Другим способом регуляции циклинов является их разрушение протеолизом. Таким
образом контролируется, например, выход из митоза. Деструкция митотических циклинов
необходима для начала телофазы и подготовки к следующему циклу. Возле N-конца
митотические циклины А и В несут небольшую последовательность, называемую боксом
деструкции. Эта последовательность необходима для конъюгации циклина с убиквитином,
который является маркером для узнавания циклина протеазой. Большая часть цитозольного
протеолиза осуществляется протеосомами. Протеосомы - это нелизосомальные
мультикаталитические протеиназы, обнаруженные у эукариот, широко распространенные в
цитоплазме. Они обладают 20S каталитическим ядром (М = 700 кд) которое осуществляет АТФ-
зависимую деградацию убиквитинированных белков. 20S протеосома состоит из 14
субъединиц, представляющих собой различные протеазы. Они образуют бочкообразную
структуру с активными центрами внутри. Большие протеазные комплексы, по крайней мере,
из десяти различных полипептидов образуют дно и крышку такой бочки. Из роль, видимо,
заключается в транспорте убиквитинированных белков в центр бочки.
Ключевым регуляторным компонентом в деструкции митотических циклинов является
мультисубъединичный комплекс APC (anaphase promoting complex) или циклосома. Этот
комплекс осуществляет присоединение убиквитина к циклинам и другим субстратам. Комплекс
имеет различную субстратную специфичность в переходе метафаза-анафаза и выходе из
митоза, так как связан в эти периоды с двумя различными регуляторными белками - Сdc20 и
Hct1 соответственно. Одним из субстратов ACP-Сdc20 является комплекс белков секурина и
сепарина, который удерживает вместе сестринские хроматиды хромосомы. APC-Сdc20
способствует разрушению секурина, под действием освободившегося сепарина сестринские
хроматиды расходятся, то есть осуществляется переход в анафазу. Комплекс APC-Hct1
осуществляет убиквитинирование циклина В. АСР активируется после длительного лаг-
периода посредством циклин А-Cdk2 и инактивируется под действием G1 циклинов.
Таким образом, молекулярные механизмы, которые запускают все события клеточного
цикла, должны работать по принципу "все или ничего", действуя необратимо и постоянно.

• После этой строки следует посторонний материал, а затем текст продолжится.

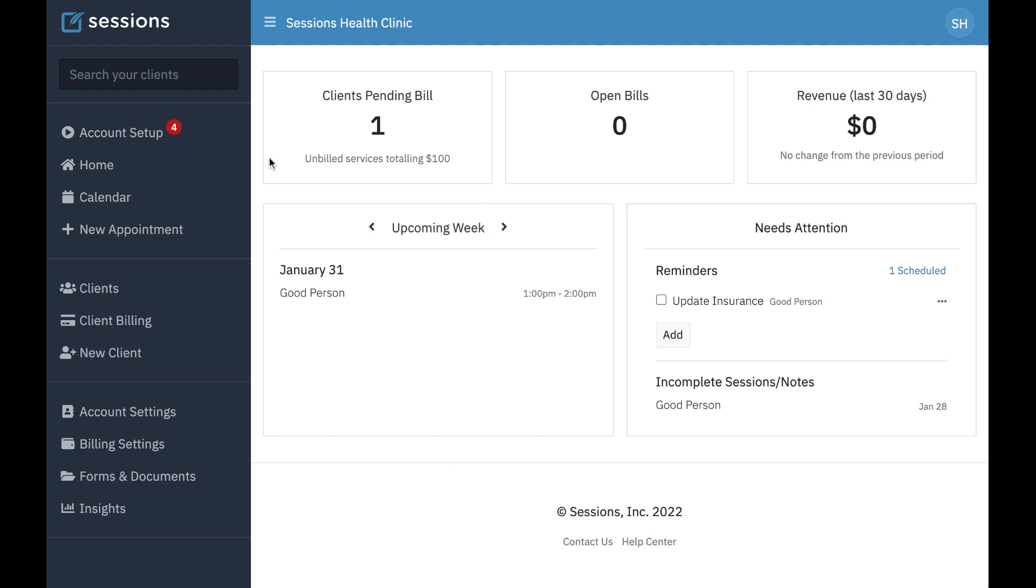Today, in this tutorial, I'm going to talk about the home screen. The home screen is my home base. It's where I start each day to get a sense of what's going on in my practice.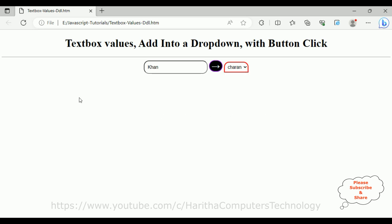That's it. In this video tutorial I have explained how to insert or add new text box values dynamically with a button control into a drop-down list. Thanks for watching this video tutorial. Please subscribe, share, and leave your valuable comment. We'll catch you in my next video tutorial.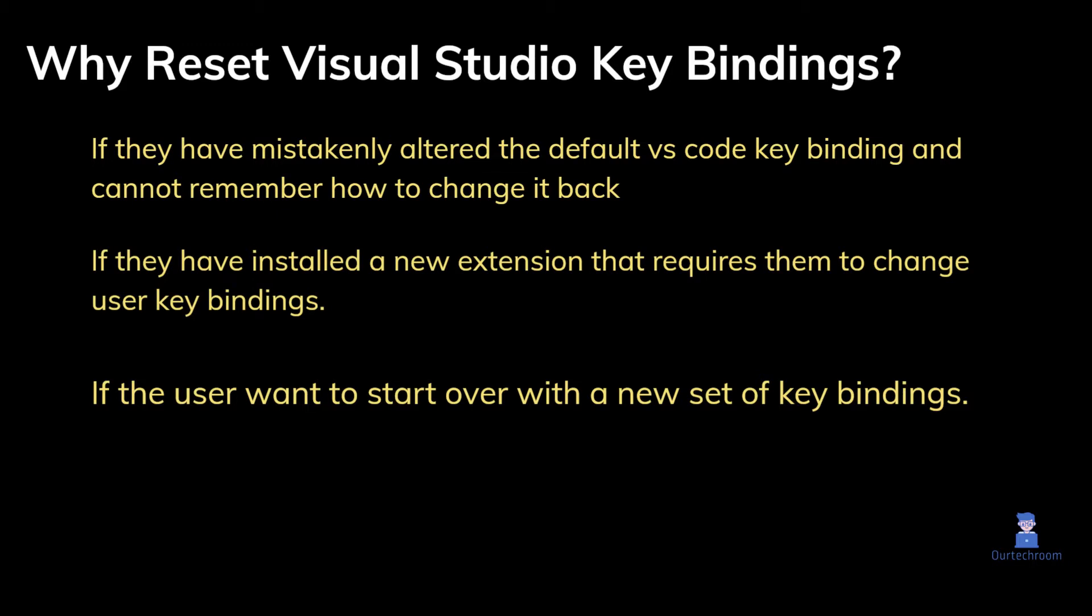Or if they have installed a new extension that requires them to change user keybindings. Also, if the user wants to start over with a new set of keybindings. So let's look at how to do this.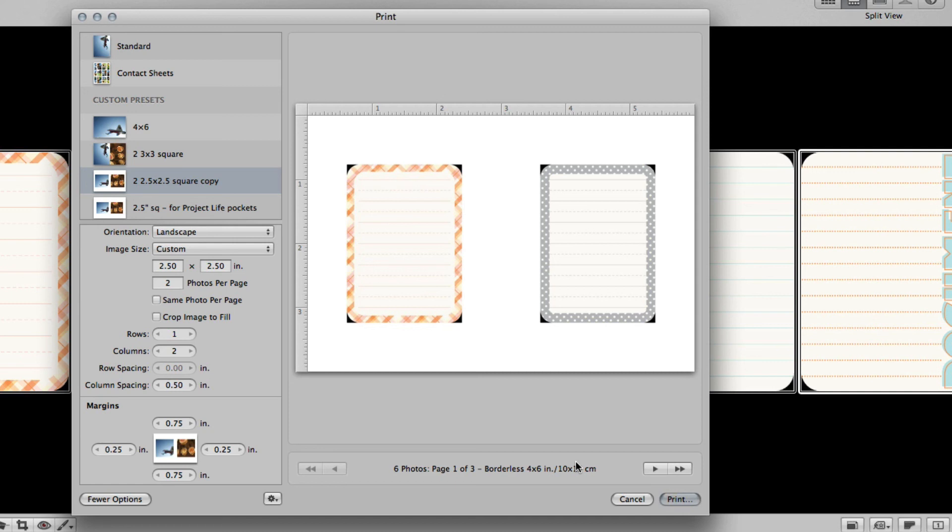What it's doing is it's making these 2.5 by whatever would be appropriate for a horizontal width. It's not actually forcing them to be a square because I don't have that crop image to fill checkmarked.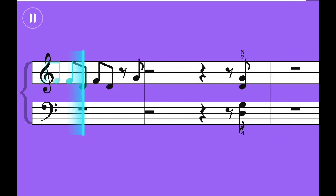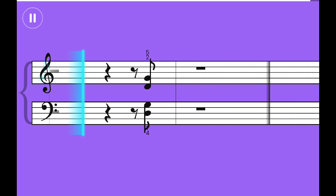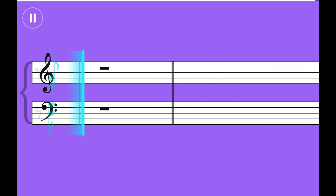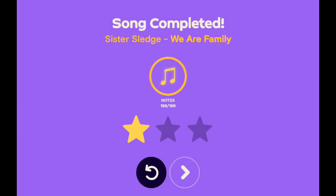Get up everybody and sing. Get up everybody and sing.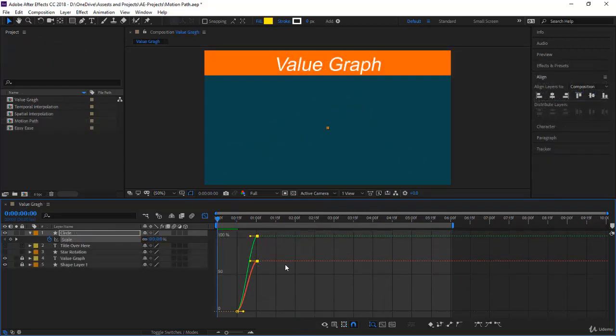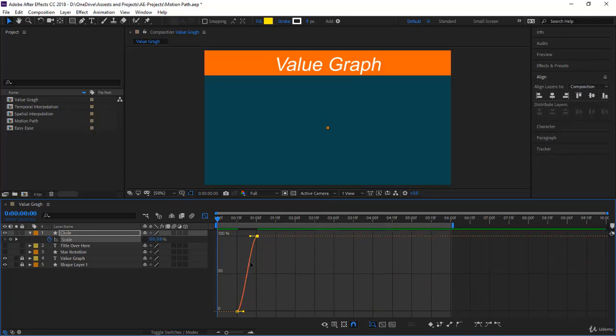Also, you will go through the graph editor using the speed graph and the value graph. And as usual, I will give you lots of tips and tricks how to create some awesome animations. Let's dive in into space and time interpolation.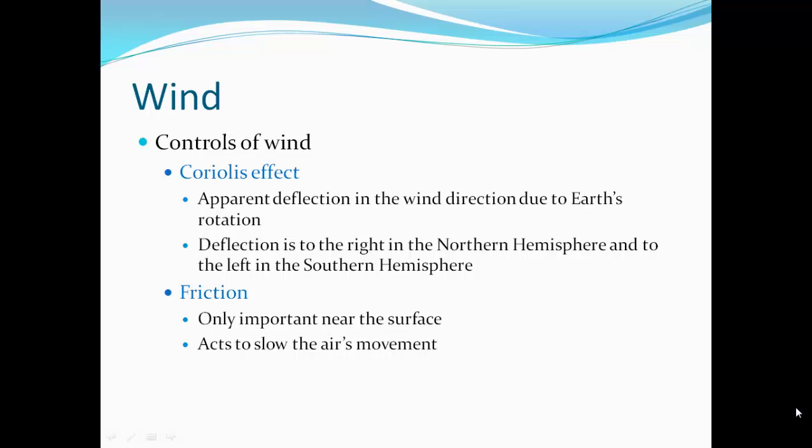Controls of wind: the Coriolis effect is the apparent deflection in wind direction due to Earth's rotation. As the Earth rotates, it deflects the wind. In the northern hemisphere it's deflected to the right, and in the southern hemisphere it's to the left. Friction is only important near the surface — friction of the wind against the ground acts to slow air's movement.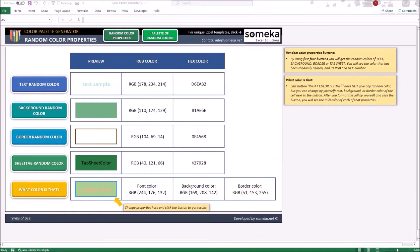Hello, welcome to SOMEKA Color Palette Generator. In this video I'm going to show you how to navigate through and use our template.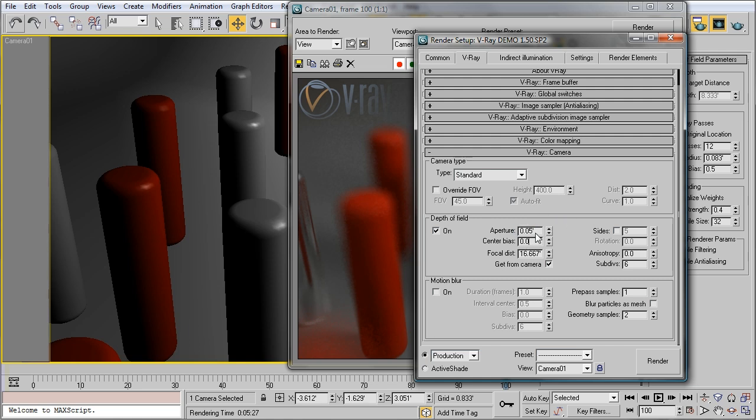The lower the aperture value, the more of your image will be in focus. The higher the aperture value, the less will be in focus. In this case, turning it down very far will give us a nice crisp image with very subtle depth of field effects.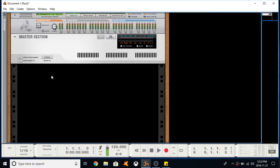Hey YouTube, how's everybody doing today? I figured we'd quickly go over the Combinator within Reason 10. It's a pretty cool device. It's got some great different functionalities and uses within it. So yeah, let's get to it.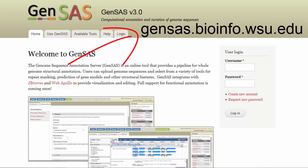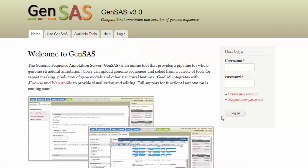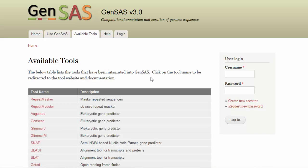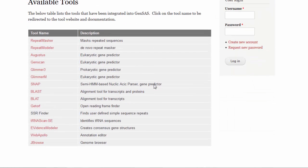The first step is to go to GenSaaS, which can be found at gensas.bioinfo.wsu.edu. On the homepage for GenSaaS, there are a few different tabs of interest. Under the Available Tools tab, there is a table of all the tools that have been integrated into GenSaaS with links to the documentation for each tool.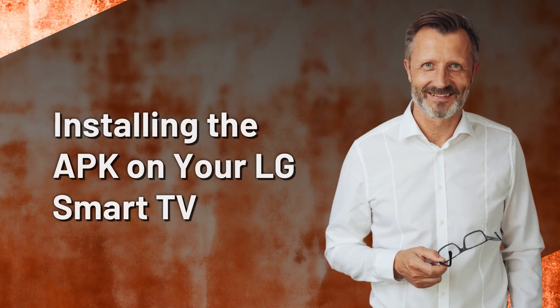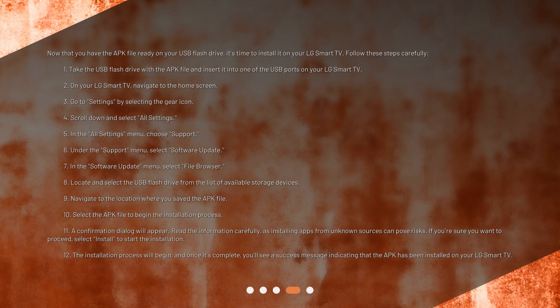Installing the APK on your LG Smart TV. Now that you have the APK file ready on your USB flash drive, it's time to install it on your LG Smart TV. Follow these steps carefully. Take the USB flash drive with the APK file and insert it into one of the USB ports on your LG Smart TV. On your LG Smart TV, navigate to the home screen.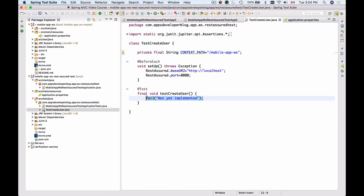Now we are ready to prepare the HTTP request itself. Let's delete this call to the FL function and I will start writing some REST Assured code. To create an HTTP request we start with the function called given — this is the function with which we start building an HTTP request. So given that, and we will need to import this.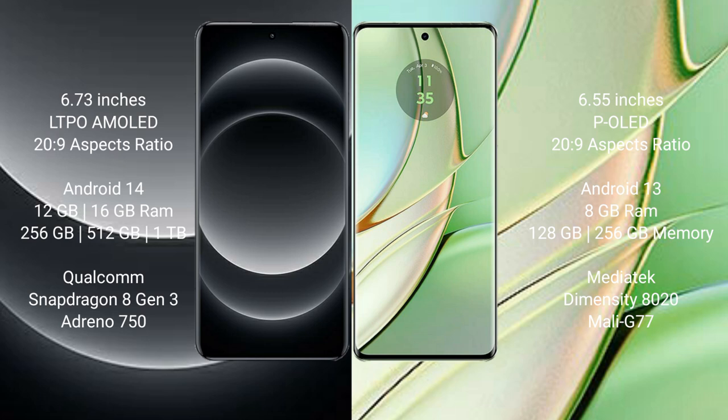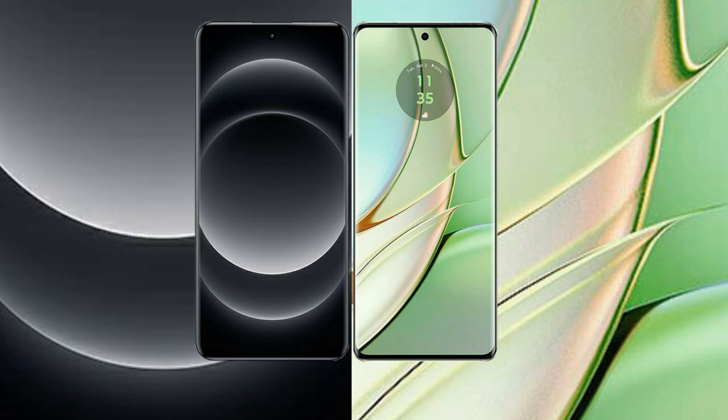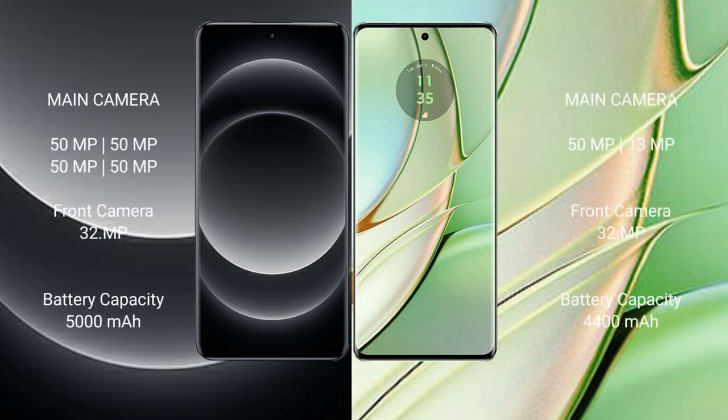It features a Qualcomm Snapdragon 8 Gen 3 processor with Adreno 750 GPU. The Motorola Razr 40 comes with 8GB RAM and 128GB or 256GB internal storage, MediaTek Dimensity 7020 processor, and Mali-G77 GPU. The Xiaomi 14 Ultra has a rear quad camera setup with 50 megapixels.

Клеточный цикл можно рассматривать как продукт программы резкого возрастания и падения
активности Cdk. Активация одного циклин-киназного комплекса должна быть не только
триггером событий клеточного цикла, но и должна инициировать активацию следующего
циклин-киназного комплекса. Таким образом, запрограммированная последовательность
передачи сигнала от одного комплекса к другому представляет собой часы клеточного цикла.
Классическим примером автономного колебания активности Cdk является колебание
активности комплекса циклин В-cdc2 (MPF) в раннем эмбрионе лягушки Xenopus. После
деструкции комплекса циклин А-cdc2 и выхода из S фазы постоянный синтез циклина В
приводит к его накоплению и, следовательно, образованию комплексов циклин В-cdc2.
Первоначально эти комплексы неактивны, так как они ингибированы фосфорилированием по
треонину-14 и тирозину-15 киназой Wee1. Однако по мере их накопления достигается порог
концентрации, при котором они могут фосфорилировать CDC25 и Wee1, вызывая
соответственно их активацию и ингибирование. Фосфорилированная CDC25 дефосфорилирует и
активирует циклин-киназный комплекс. Положительная обратная связь этих двух процессов
вызывает резкое возрастание киназной активности циклин В-cdc2. Повышенная киназная
активность вызывает переход клетки к митотическому статусу через фосфорилирование
различных клеточных субстратов. После слабо изученной лаг-фазы активированный циклин-
киназный комплекс инициирует деградацию циклина под действием убиквитин-зависимого
протеолиза. Разрушение циклина вызывает потерю киназной активности и выход из митоза.